En las entradas dedicadas a la artillería de plaza y sitio ya tuvimos ocasión de estudiar estas peculiares piezas, si bien, por el contexto histórico de dichas entradas, no hubo ocasión de hablar de el origen de las mismas. Así pues, y a fin de completar la historia de las piezas de tiro parabólico, voy a dedicar esta precisamente a su génesis. Sí, ya sé que debía llevar otro orden, pero mi esencia espiritual radica en el caos. De todas formas, ¿qué más da el orden? Bueno, al grano...

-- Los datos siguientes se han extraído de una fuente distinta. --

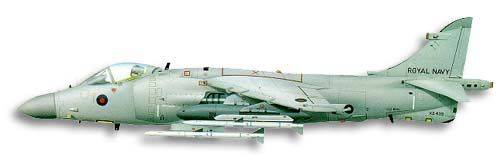 British Aerospace Sea Harrier profile drawing
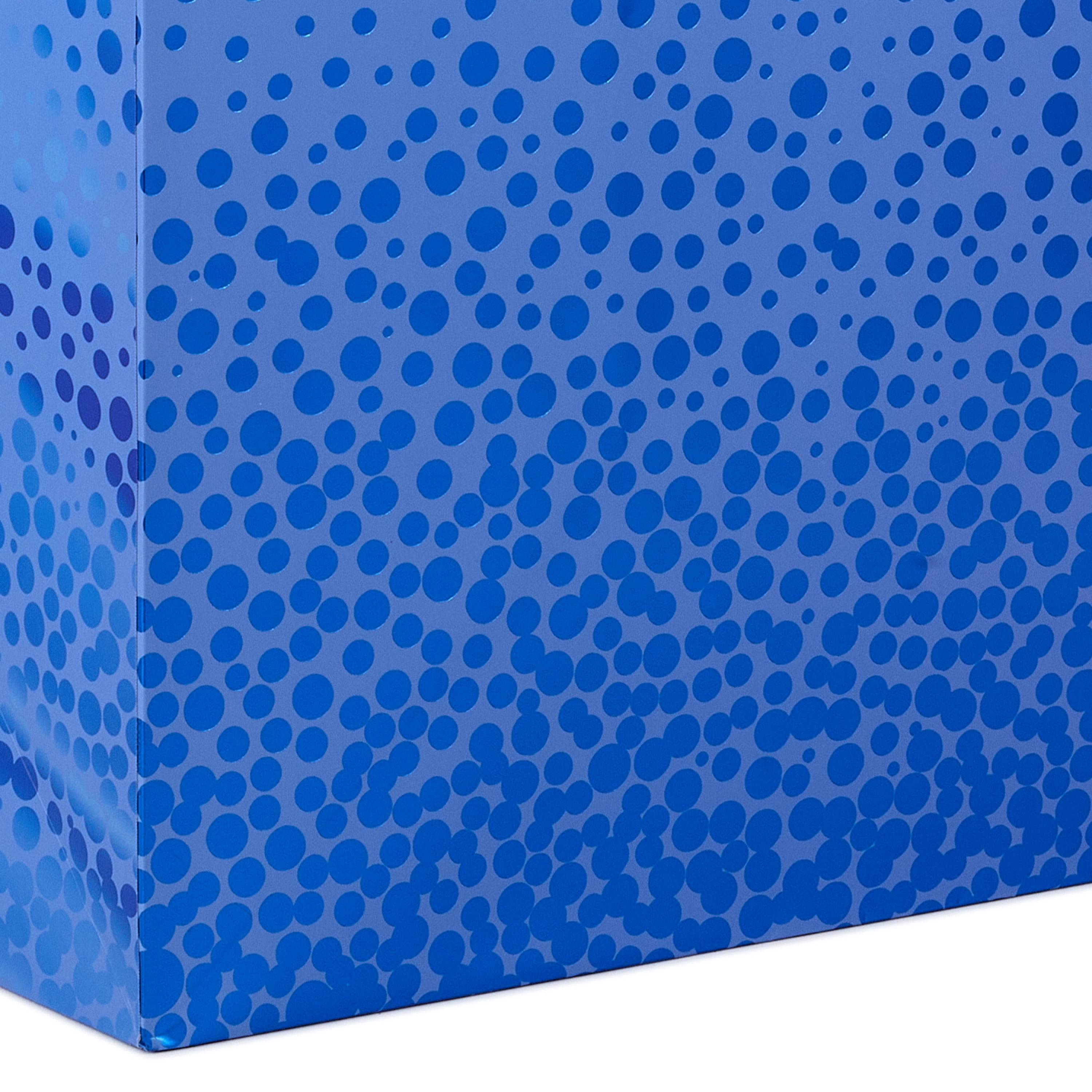Hallmark Extra-Deep Gift Bag (Blue with Cascading Blue Foil Dots)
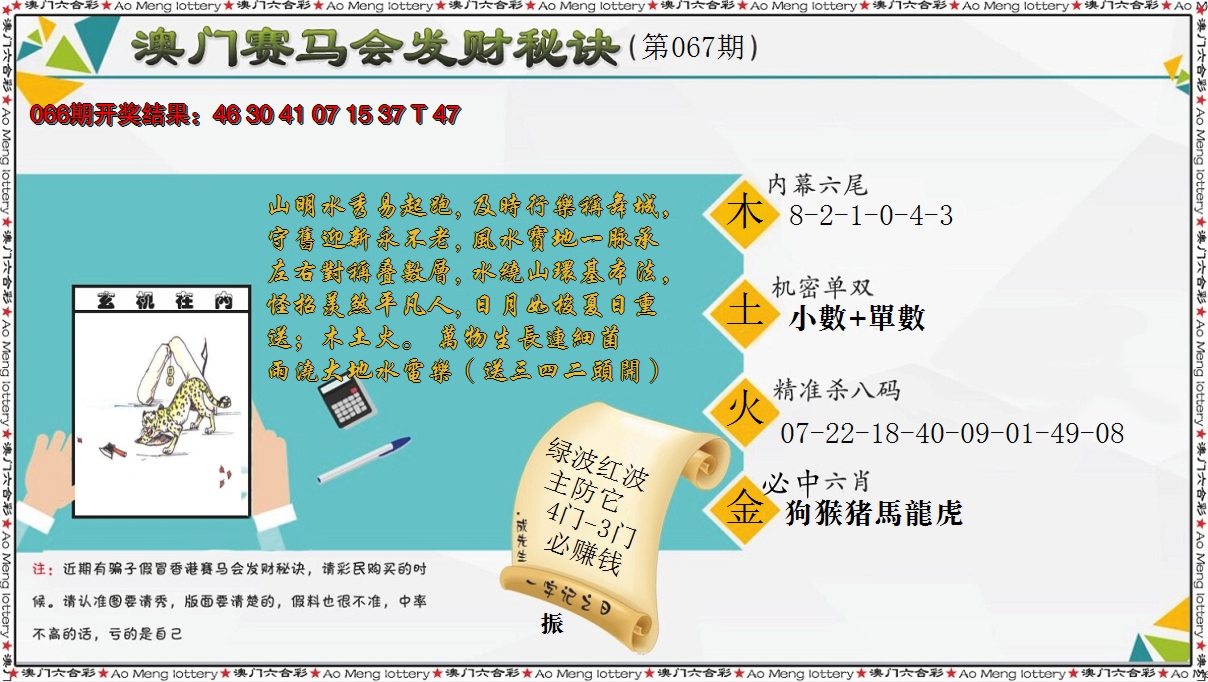 2025067期发财秘诀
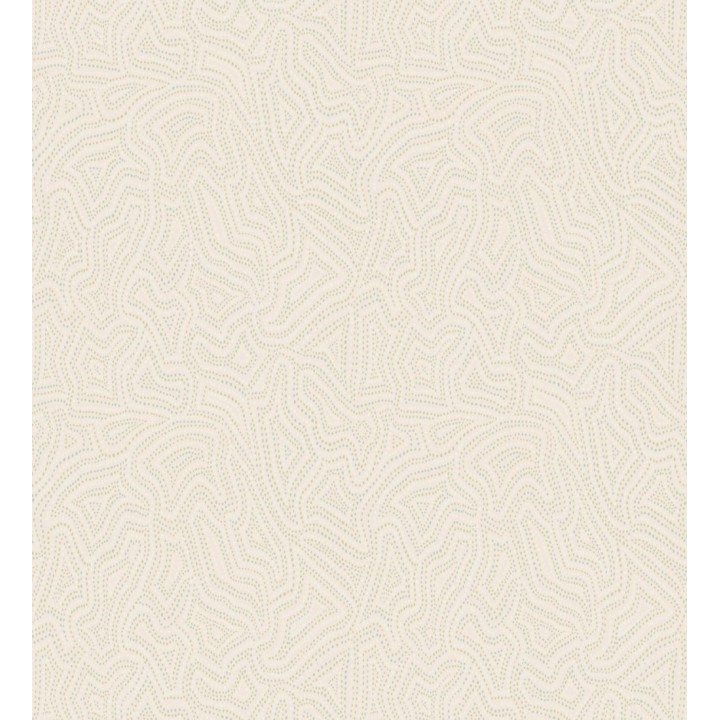 Papel pintado de ondas en micropuntillismo artístico fondo beige - Harlem Stipple 683875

Según muchos tratadistas, fue durante las operaciones previas a la reconquista de Granada, en el último cuarto del siglo XV, cuando la artillería se transformó en un arma independiente. O sea, que su uso, además de generalizarse, se "profesionalizó" de forma que, a la hora de establecer un cerco, ya no se acudía con dos o tres bombardas alquiladas a un maestro artillero, sino que los ejércitos ya contaban con diversos tipos de piezas disponibles para cualquier circunstancia.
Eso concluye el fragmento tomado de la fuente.